- _Exercise_
Starting at the line holding "5 Dunraven Crescent, Doreen VIC 3754" and finishing at the line holding "10403 Sandra Lynn Dr — Photo 12", transcribe the material exactly, keeping both ends but no pictures.

- _Available data_
____

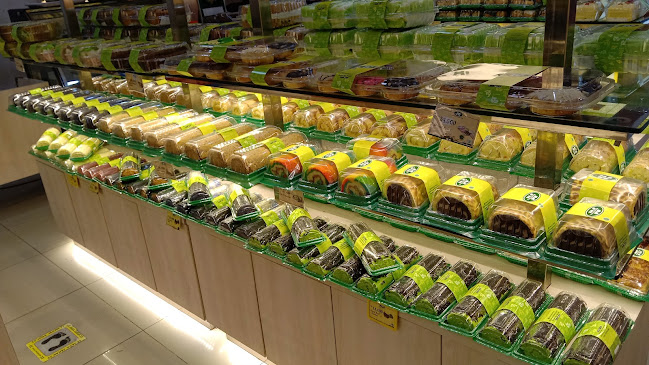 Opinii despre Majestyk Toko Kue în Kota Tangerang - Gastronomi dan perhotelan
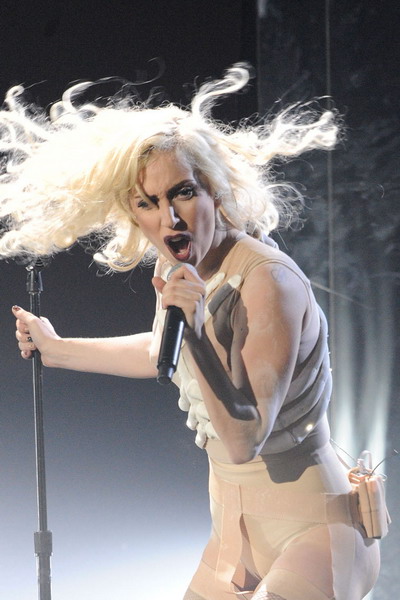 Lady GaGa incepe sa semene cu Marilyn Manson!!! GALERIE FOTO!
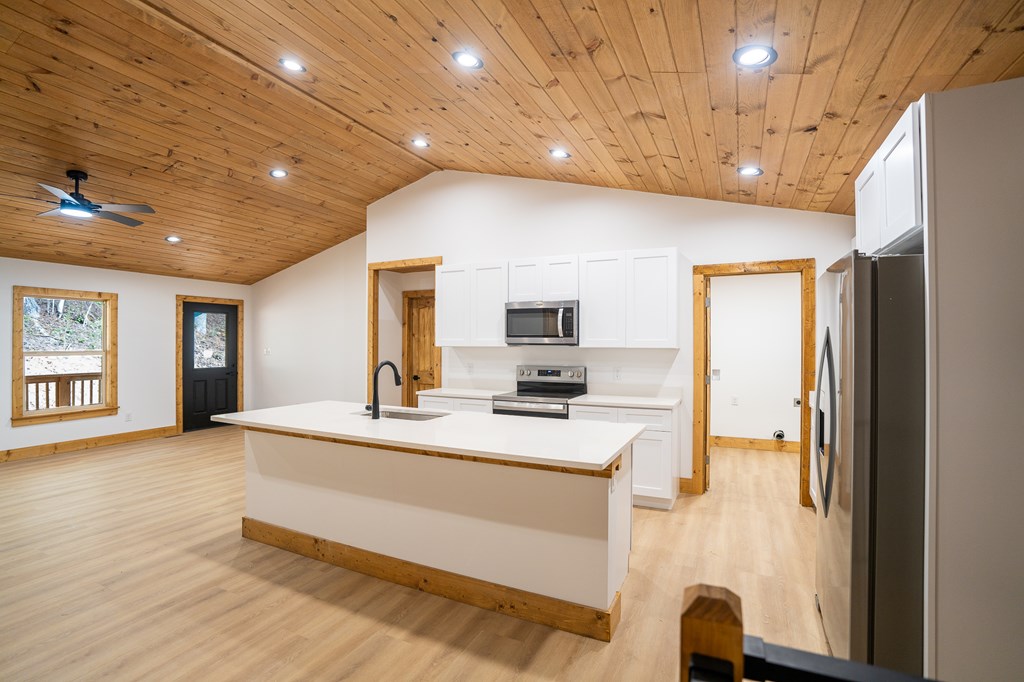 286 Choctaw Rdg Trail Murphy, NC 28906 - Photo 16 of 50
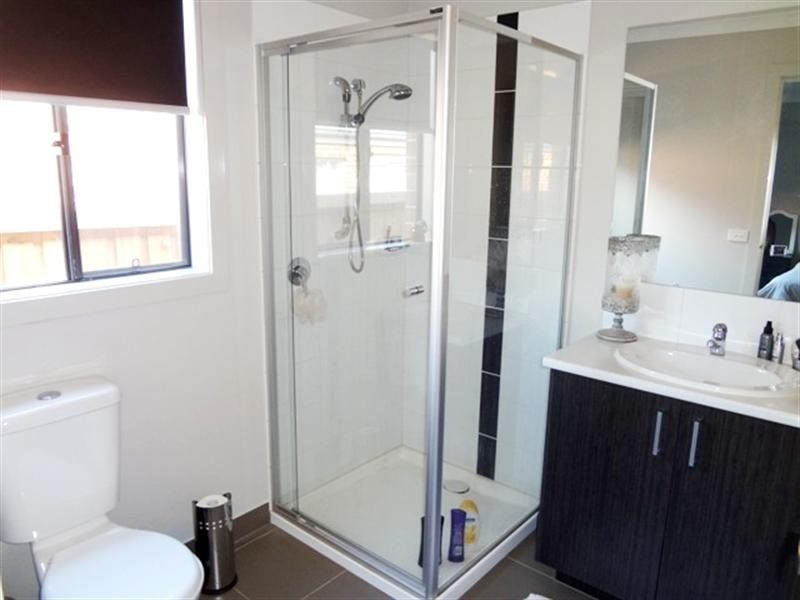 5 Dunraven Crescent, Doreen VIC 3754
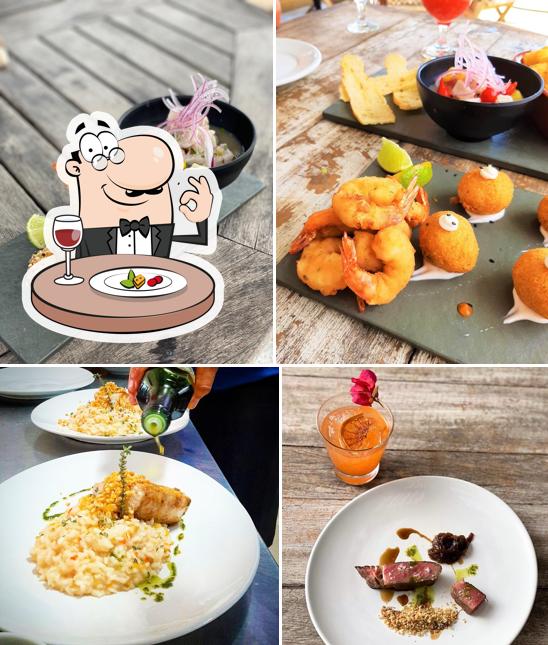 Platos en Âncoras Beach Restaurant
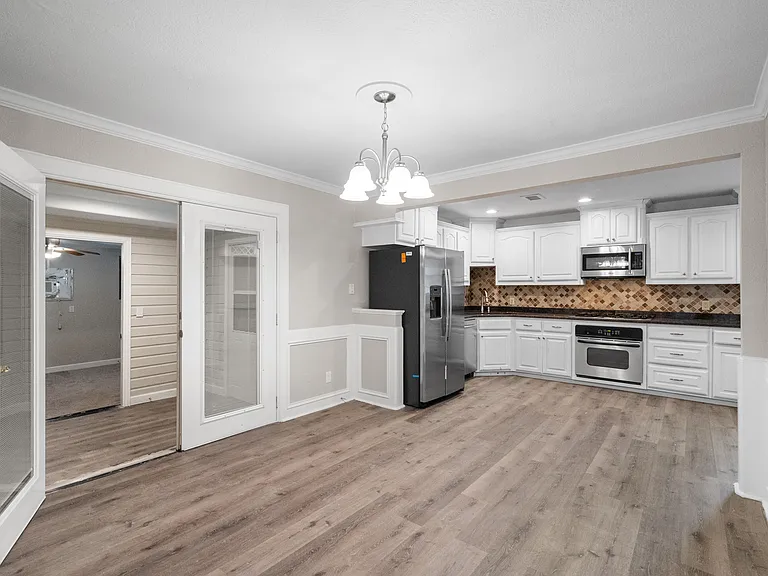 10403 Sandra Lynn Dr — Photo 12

____

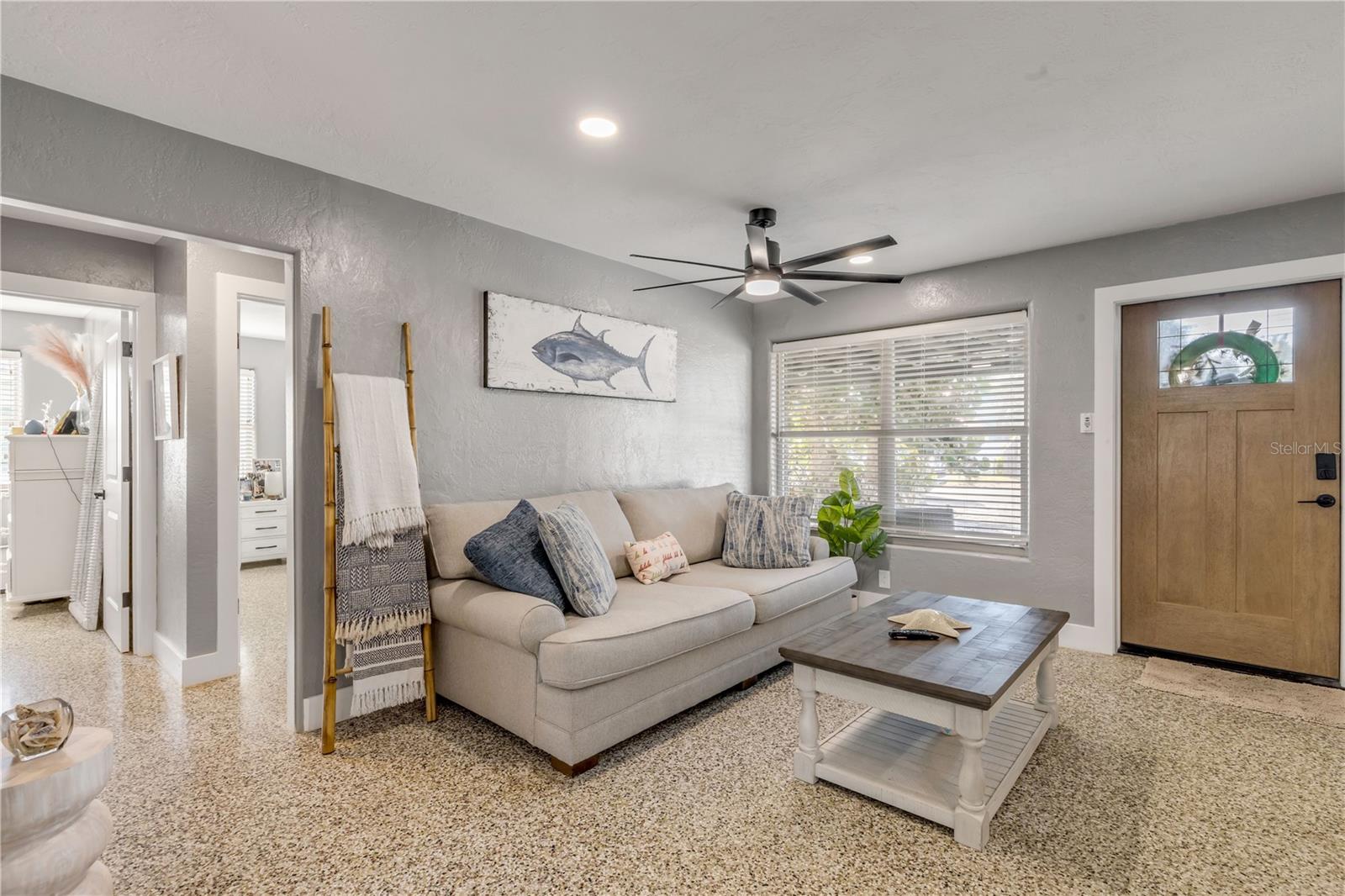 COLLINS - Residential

____

- _Expected output_
 5 Dunraven Crescent, Doreen VIC 3754
 Platos en Âncoras Beach Restaurant
 10403 Sandra Lynn Dr — Photo 12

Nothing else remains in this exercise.